PROBLEM TO WORK ON
Look through the material below. Return exactly the lines from the one with "Snapshot of save_the_qween" through the one with "அப்படியே அந்தரத்தில்", both included.

#####

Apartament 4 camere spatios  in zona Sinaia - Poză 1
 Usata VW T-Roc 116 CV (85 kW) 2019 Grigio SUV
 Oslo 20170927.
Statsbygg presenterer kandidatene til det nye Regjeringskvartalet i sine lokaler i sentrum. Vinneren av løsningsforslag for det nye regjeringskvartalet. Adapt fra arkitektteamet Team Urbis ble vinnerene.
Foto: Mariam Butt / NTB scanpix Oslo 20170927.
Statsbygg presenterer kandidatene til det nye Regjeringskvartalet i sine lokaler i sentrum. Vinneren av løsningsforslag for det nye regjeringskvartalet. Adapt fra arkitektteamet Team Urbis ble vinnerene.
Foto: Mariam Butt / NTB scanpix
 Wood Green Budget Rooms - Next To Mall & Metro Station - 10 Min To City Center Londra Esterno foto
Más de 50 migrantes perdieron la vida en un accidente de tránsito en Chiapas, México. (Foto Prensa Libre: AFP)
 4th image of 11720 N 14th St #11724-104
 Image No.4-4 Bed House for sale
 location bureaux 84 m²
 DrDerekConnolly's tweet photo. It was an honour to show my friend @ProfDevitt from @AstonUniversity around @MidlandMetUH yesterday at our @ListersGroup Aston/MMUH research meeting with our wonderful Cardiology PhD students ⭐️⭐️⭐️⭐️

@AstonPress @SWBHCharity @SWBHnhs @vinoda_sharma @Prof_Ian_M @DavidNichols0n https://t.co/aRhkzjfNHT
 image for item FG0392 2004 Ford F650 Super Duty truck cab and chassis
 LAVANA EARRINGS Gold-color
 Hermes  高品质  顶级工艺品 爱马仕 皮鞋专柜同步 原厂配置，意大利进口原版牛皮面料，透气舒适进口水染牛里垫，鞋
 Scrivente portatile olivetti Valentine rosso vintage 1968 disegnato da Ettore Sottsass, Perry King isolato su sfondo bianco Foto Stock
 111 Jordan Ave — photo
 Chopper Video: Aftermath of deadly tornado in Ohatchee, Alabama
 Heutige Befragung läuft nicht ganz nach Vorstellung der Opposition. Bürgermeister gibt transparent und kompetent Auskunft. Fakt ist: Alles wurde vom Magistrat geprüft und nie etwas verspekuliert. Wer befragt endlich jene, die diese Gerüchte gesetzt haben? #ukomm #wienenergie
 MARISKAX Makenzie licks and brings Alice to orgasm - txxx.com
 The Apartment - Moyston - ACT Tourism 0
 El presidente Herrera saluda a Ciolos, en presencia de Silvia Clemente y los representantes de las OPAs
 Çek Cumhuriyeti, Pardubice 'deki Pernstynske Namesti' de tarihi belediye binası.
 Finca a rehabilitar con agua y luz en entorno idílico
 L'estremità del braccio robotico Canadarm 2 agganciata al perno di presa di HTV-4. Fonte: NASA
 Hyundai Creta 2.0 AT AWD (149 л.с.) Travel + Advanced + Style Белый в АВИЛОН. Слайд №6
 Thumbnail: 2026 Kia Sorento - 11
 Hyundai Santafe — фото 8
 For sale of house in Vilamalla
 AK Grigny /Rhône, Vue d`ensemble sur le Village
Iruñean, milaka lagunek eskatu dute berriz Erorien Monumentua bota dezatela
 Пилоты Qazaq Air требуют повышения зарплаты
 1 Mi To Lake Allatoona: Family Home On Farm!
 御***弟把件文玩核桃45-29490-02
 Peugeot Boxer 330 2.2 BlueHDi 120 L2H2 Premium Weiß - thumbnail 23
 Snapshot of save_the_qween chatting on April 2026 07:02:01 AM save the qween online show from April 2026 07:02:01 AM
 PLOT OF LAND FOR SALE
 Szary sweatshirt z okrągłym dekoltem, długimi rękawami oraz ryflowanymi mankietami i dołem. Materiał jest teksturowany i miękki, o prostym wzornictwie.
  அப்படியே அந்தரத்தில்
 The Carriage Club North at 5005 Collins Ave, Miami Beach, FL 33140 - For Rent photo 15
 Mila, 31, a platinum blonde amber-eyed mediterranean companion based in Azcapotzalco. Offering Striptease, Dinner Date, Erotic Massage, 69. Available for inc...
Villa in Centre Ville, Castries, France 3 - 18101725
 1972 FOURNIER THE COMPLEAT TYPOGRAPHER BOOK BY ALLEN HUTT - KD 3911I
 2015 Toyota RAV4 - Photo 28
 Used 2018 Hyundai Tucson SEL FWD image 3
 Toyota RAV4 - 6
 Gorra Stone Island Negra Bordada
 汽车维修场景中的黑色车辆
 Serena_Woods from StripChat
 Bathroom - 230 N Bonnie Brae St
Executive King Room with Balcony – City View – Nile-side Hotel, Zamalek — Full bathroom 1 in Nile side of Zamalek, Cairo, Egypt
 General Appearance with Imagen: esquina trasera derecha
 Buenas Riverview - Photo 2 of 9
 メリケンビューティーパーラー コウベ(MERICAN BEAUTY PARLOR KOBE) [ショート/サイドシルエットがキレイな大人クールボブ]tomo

#####

SOLUTION FOR THIS PROBLEM
 Snapshot of save_the_qween chatting on April 2026 07:02:01 AM save the qween online show from April 2026 07:02:01 AM
 PLOT OF LAND FOR SALE
 Szary sweatshirt z okrągłym dekoltem, długimi rękawami oraz ryflowanymi mankietami i dołem. Materiał jest teksturowany i miękki, o prostym wzornictwie.
  அப்படியே அந்தரத்தில்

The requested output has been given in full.